Question 1.8. The plot in Question 1.7. is great, but we can do better by adding more (visual) information on residuals (in the graph). One way to to this would be to colour and size residuals by how extreme the residuals are. So now we will use both colour and size to pinpoint large residuals (instead of just colour as we did in Question 1.7. above). To do this, use the following bit of code (note that this code is incomplete and you will have to add in additional code to get an actual graph). Note the use of scale_color_gradient2(low = "blue", mid = "white", high = "red") below. What insights about your data do you gain from this exercise? [5 marks].
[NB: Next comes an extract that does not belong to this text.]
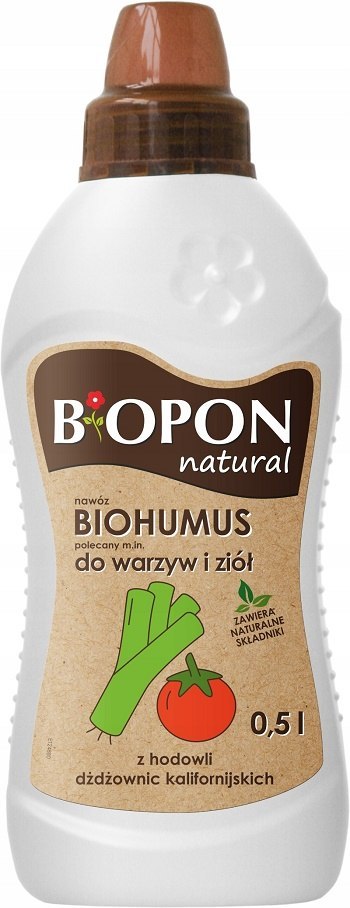 BIOHUMUS - DO . WARZYW I ZIÓŁ 0.5L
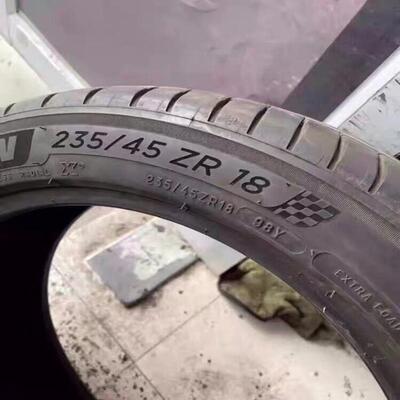 议价特斯拉原厂拆车2354518米其林轮胎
Question 1.9. Plotting one independent variable against a dependant variable is all well and good, but the whole point of regression is usually to investigate the effect of multiple vari-ables. Let us crank up the complexity and get into multiple regression, where we regress one dependant variable on two or more other explanatory or predictor variables. For this ques-tion, regress miles per gallon (mpg) on horsepower (hp), weight (wt), and displacement (disp). Repeat exactly the procedure(s) outlined in Question 1.2. to first run a linear regression of mpg on hp, wt and disp and then storing the predictions and residuals in the data set mtcars.[HINT : Remember that you need to start with a clean slate and you should run data(mtcars) to call in the data set mtcars again and clear all the extra columns that you have created in the earlier exercises.] [5 marks].


Question 1.10. Let us now study the residuals from the regression in Question 1.9. Let us create a relevant residual plot by using just ONE of our predictors, displacement (disp). We wil start by plotting the actual and predicted values of the Y variable, or mpg, against this explanatory variable, disp. For this exercise, we will not plot the actual regression line. So, just plot the actual and the predicted values of mpg, and join the actual and predicted values of mpg using the code that you have seen earlier in Question 1.5. Again, we can make all sorts of adjustments using the residual values. Apply the same changes to this plot as in Questions 1.7. to 1.8. - using red color to indicate high values and blue color to indicate low values (and white color to indicate medium values) of the residuals. You do not have to map the absolute size of the residuals in your graph.[5 marks].



Question 2. Using the diamonds dataset explore the distribution of the variable price (which shows the price, in US dollars, of a diamond) using a histogram. Use geom_histogram() to do this. Comment on the choice of a suitable binwidth for the histogram. What interesting features do you find for the distribution of price. Now examine a few ways of exploring the distribution of price by the variable cut (a categorical variable, which shows the cut of a diamond). What does your exploration reveal? Comment on the suitability of this exercise, i.e, does looking at the distribution of price by cut lead to any meaningful insights about the data? [20 marks].



Question 3. In the ggplot2 library the gg stands for the “Grammar of Graphics”. What is the “Grammer of Graphics”? How does knowledge of the “Grammar of Graphics”" aid in effective visualization of data? [30 marks].